#### [SOURCE RECORDS]
::::::
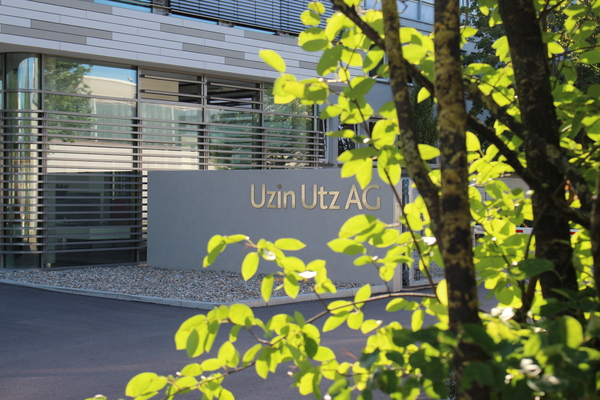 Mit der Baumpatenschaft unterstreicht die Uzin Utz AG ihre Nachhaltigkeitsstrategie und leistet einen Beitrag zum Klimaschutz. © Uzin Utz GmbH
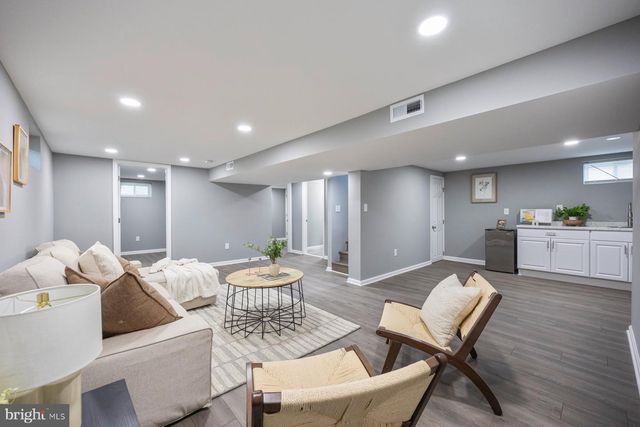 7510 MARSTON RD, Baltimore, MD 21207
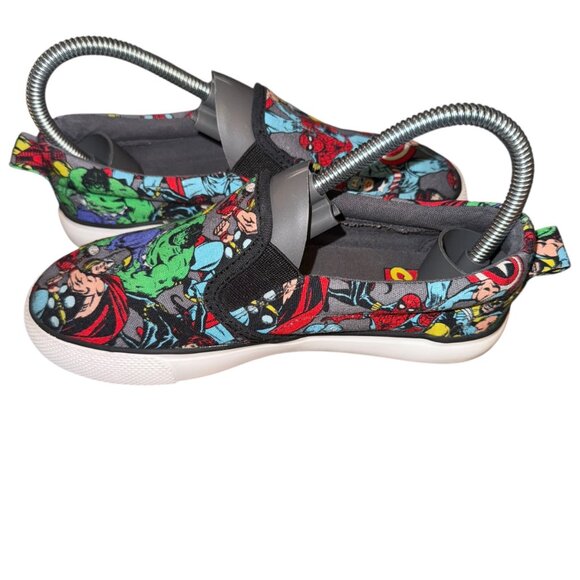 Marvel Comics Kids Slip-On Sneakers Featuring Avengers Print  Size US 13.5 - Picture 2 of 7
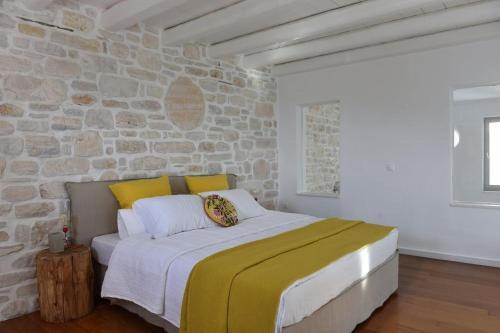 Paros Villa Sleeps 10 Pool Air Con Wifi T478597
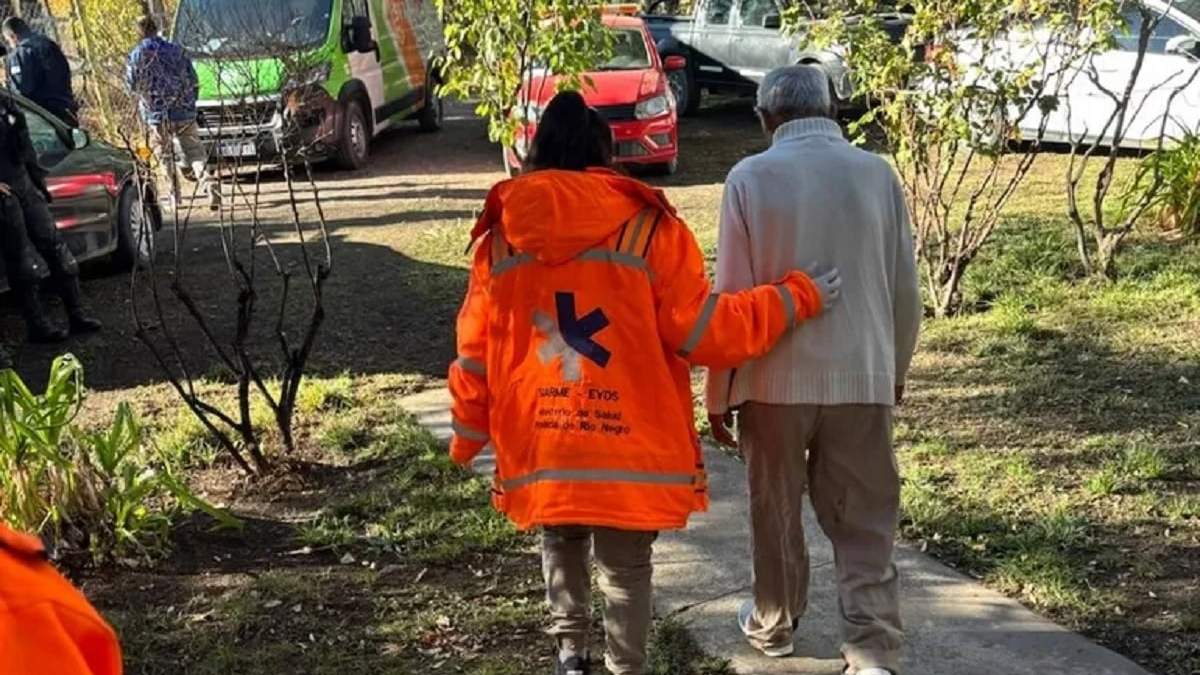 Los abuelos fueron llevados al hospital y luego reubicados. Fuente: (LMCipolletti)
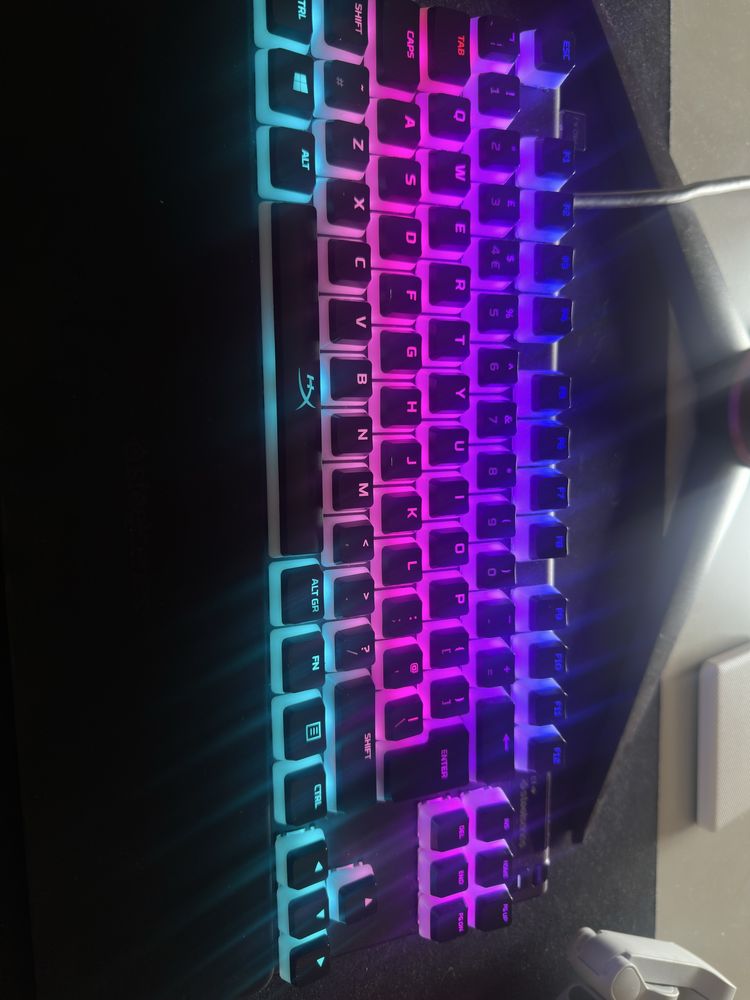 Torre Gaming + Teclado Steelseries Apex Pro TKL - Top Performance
::::::
#### [PROBLEM DETAILS]
Exclude all images, then retype the records above without alteration.

#### [TASK SOLUTION]
 Mit der Baumpatenschaft unterstreicht die Uzin Utz AG ihre Nachhaltigkeitsstrategie und leistet einen Beitrag zum Klimaschutz. © Uzin Utz GmbH
 7510 MARSTON RD, Baltimore, MD 21207
 Marvel Comics Kids Slip-On Sneakers Featuring Avengers Print  Size US 13.5 - Picture 2 of 7
 Paros Villa Sleeps 10 Pool Air Con Wifi T478597
 Los abuelos fueron llevados al hospital y luego reubicados. Fuente: (LMCipolletti)
 Torre Gaming + Teclado Steelseries Apex Pro TKL - Top Performance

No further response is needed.